Je refuse d’abdiquer, désormais. Je revendique notre valeur. On nous accuse
d’être une force d’inertie, un « mammouth » inutile et non rentable ? Mais à
quel mouvement nous opposons-nous ? Je crois que nous devons être les freins
de cette société que les chauffeurs, devenus fous, lancent dans un
précipice, tandis que les passagers, préoccupés, regardent ailleurs. Nous
devons forcer chacun à regarder tout droit.
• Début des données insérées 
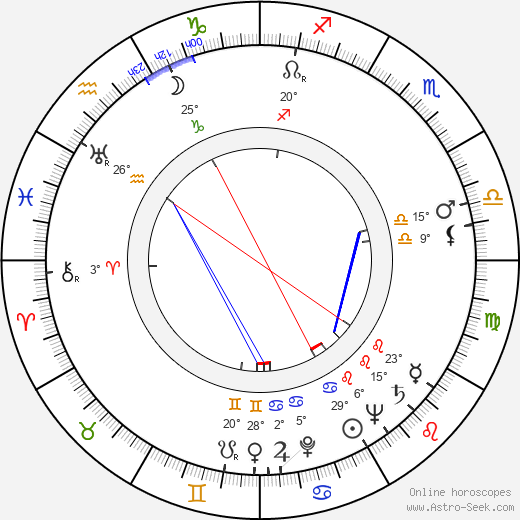 Anne Ayars birth chart, biography, wikipedia 2024, 2025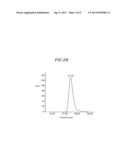 SUSTAINED-RELEASE COMPOSITION OF DRUGS ENCAPSULATED IN MICROPARTICLES OF     HYALURONIC ACID diagram and image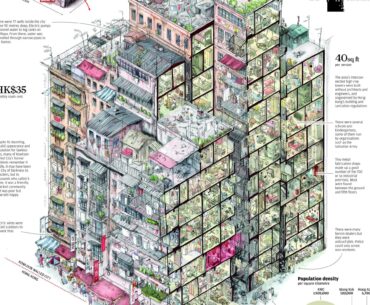 The Kowloon Arcade post made me nostalgic for the real Kowloon City. One of my few regrets is not visiting when I was heading to China for business decades ago.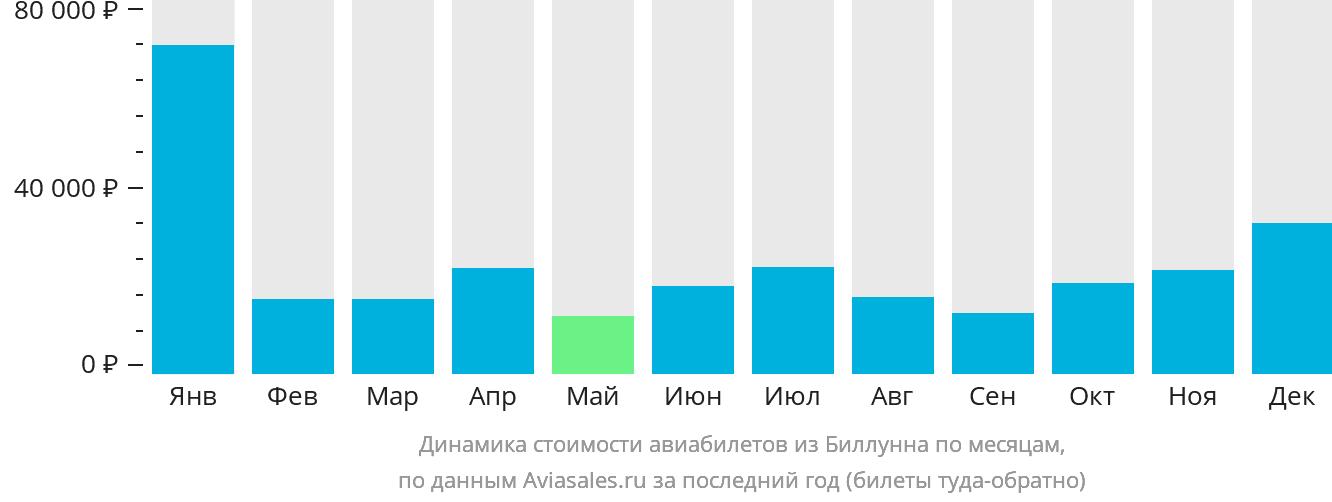 Динамика стоимости авиабилетов из Биллунна по месяцам
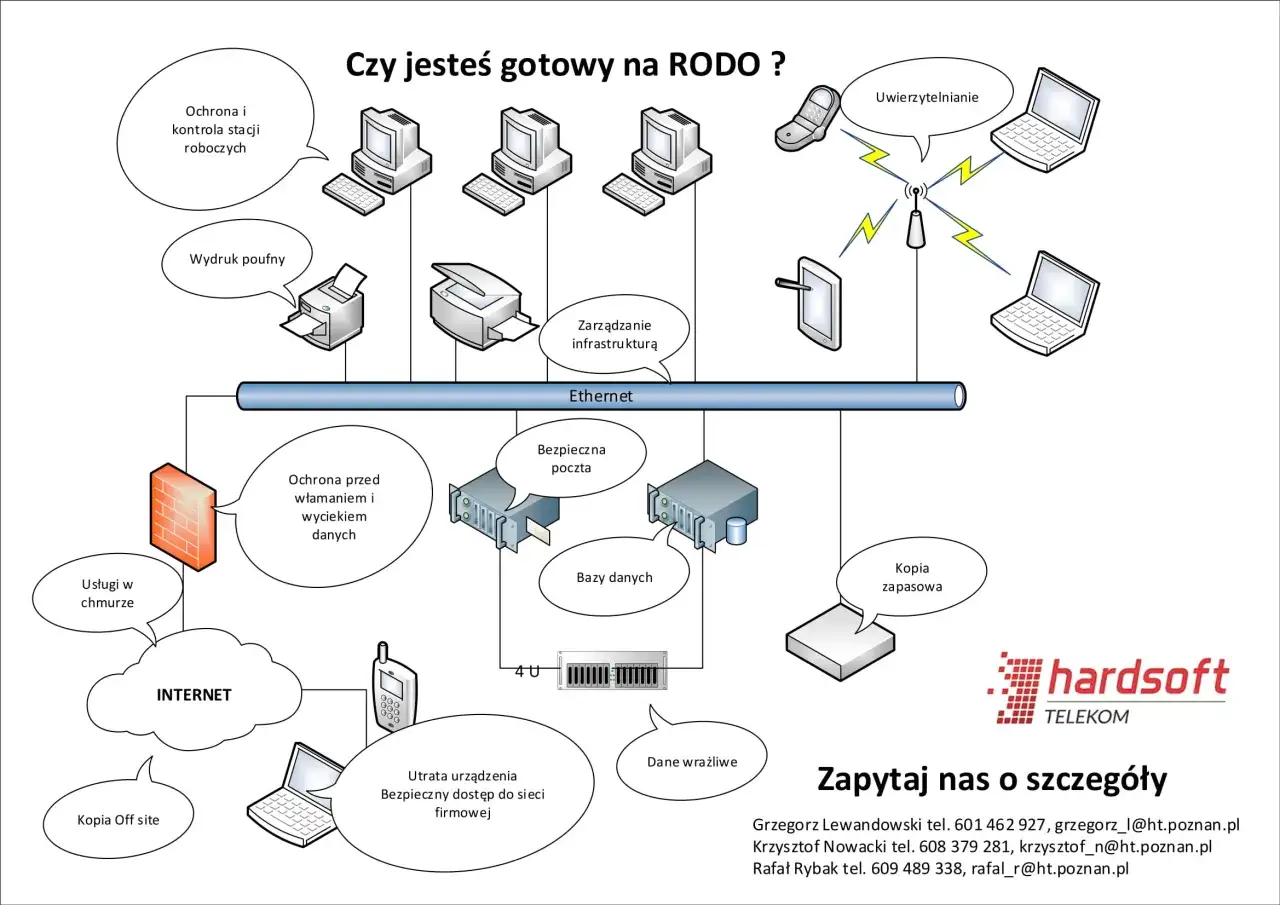 Diagram sieciowy pokazuje, jak zapewnić bezpieczeństwo danych i systemów, co jest kluczowe w kontekście RODO. Retencja danych to tylko jeden z elementów.
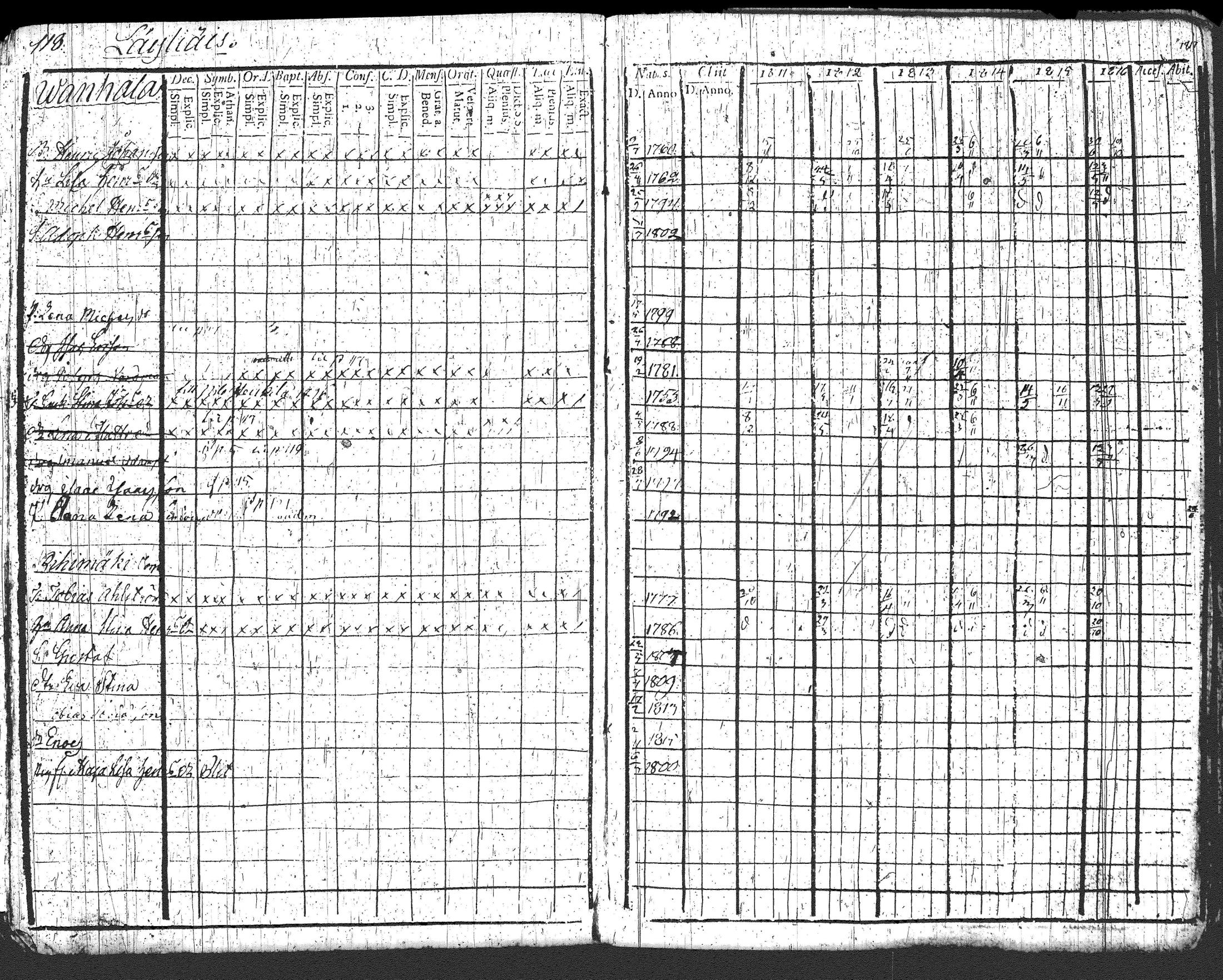 [ ../kirjat/Kirkonkirjat/loppi/rippikirja_1811-1816_tk277/kuvat/126.jpg ]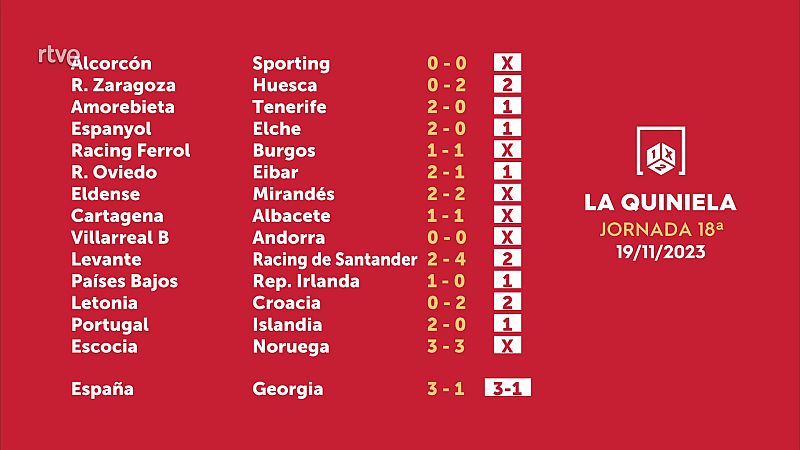 Sorteo de la Quiniela del 21/11/2023 - Jornada 21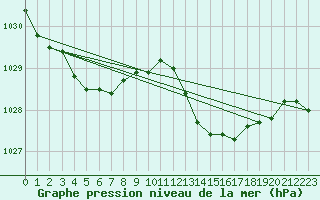 Courbe de la pression atmosphrique pour Grasque (13)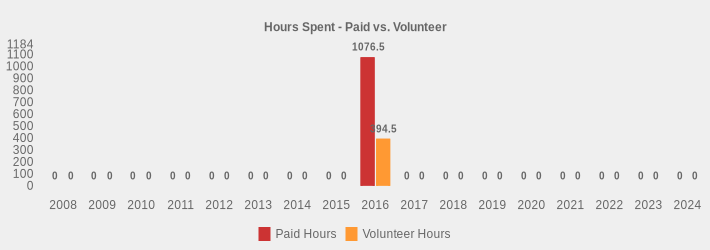 Hours Spent - Paid vs. Volunteer (Paid Hours:2008=0,2009=0,2010=0,2011=0,2012=0,2013=0,2014=0,2015=0,2016=1076.5,2017=0,2018=0,2019=0,2020=0,2021=0,2022=0,2023=0,2024=0|Volunteer Hours:2008=0,2009=0,2010=0,2011=0,2012=0,2013=0,2014=0,2015=0,2016=394.5,2017=0,2018=0,2019=0,2020=0,2021=0,2022=0,2023=0,2024=0|)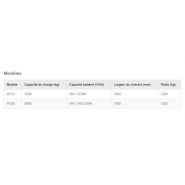 Mt70-80 - tracteur logistique - yale - modèle: mt70 et mt80_5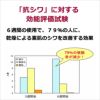 「抗シワ」に対する効能評価試験  ６週間の使用で、７９％の人に、乾燥による素肌のシワを改善する効果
Je sais ce que j’encours pour ces refus. Je les imagine déjà me menaçant de
m’enlever de l’argent, de me punir comme un méchant petit fonctionnaire
désobéissant.
Nous, les enseignants, avons le devoir de désobéir à ces ordres que nous
savons iniques et dangereux. Nous sommes fonctionnaires, nous devons obéir
aux décrets et circulaires ?
Et bien je refuse cette obéissance aveugle. Certes, le socle commun et les
compétences ne conduiront pas nos enfants dans des wagons plombés, mais je
clame qu’il est de notre devoir de désobéir, de refuser ces artifices qui
nous détournent du meilleur de l’humain, qui ne cherchent pas à élever ou
grandir les élèves – ce qui, pour moi comme pour beaucoup d’autres, demeure
la tâche fondamentale et irréductible de l’enseignant.
Je m’indigne ! Indignons-nous !
Indignez-vous avec nous, et refondons notre dignité.
David Corre,
Académie de Créteil,
professeur de Lettres en collège depuis septembre 1998.